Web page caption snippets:
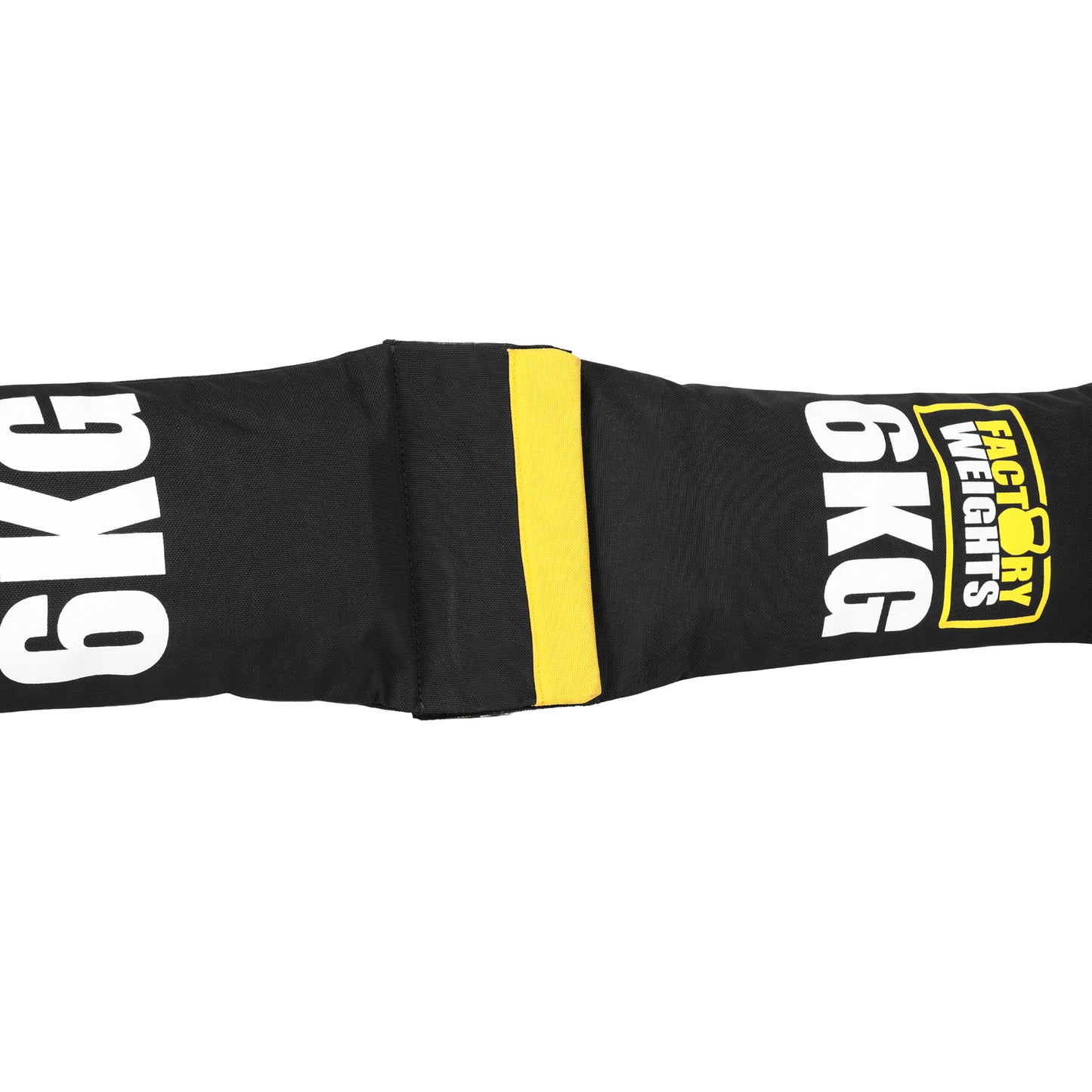 Fitness Racing Carry Sand Bags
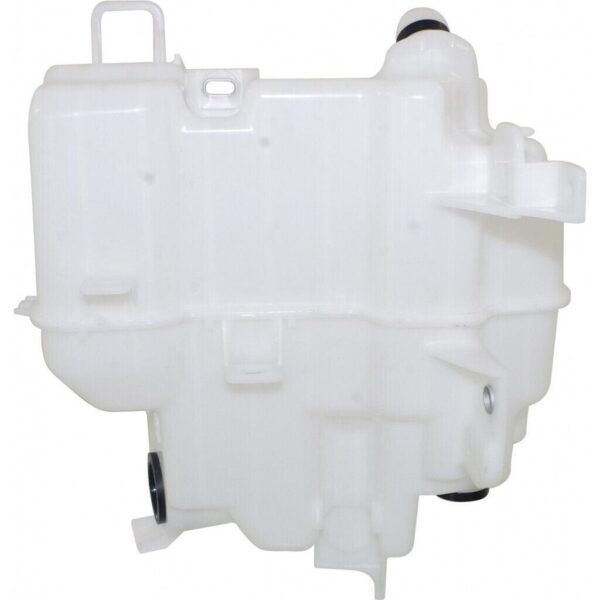 Windshield Washer Tank Mazda 3 Sport 2017-2018 Japan Built , MA1288136 - Image 2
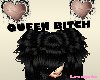 Loen's Queen 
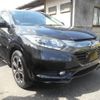 honda vezel 2015 -HONDA--VEZEL RU3--RU3-1058577---HONDA--VEZEL RU3--RU3-1058577- image 9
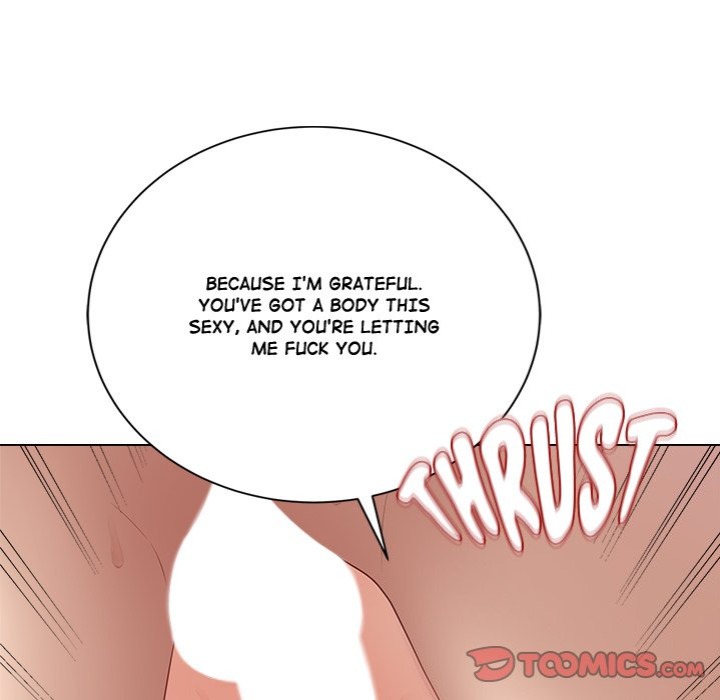 Signed Sealed Mistaken chapter 27 page 52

- _Work instruction_:
Skip all pictures. Copy exactly the lines from the one containing "Windshield Washer Tank" through the end of the records, both ends included.

- _Exercise answer_:
 Windshield Washer Tank Mazda 3 Sport 2017-2018 Japan Built , MA1288136 - Image 2
 Loen's Queen 
 honda vezel 2015 -HONDA--VEZEL RU3--RU3-1058577---HONDA--VEZEL RU3--RU3-1058577- image 9
 Signed Sealed Mistaken chapter 27 page 52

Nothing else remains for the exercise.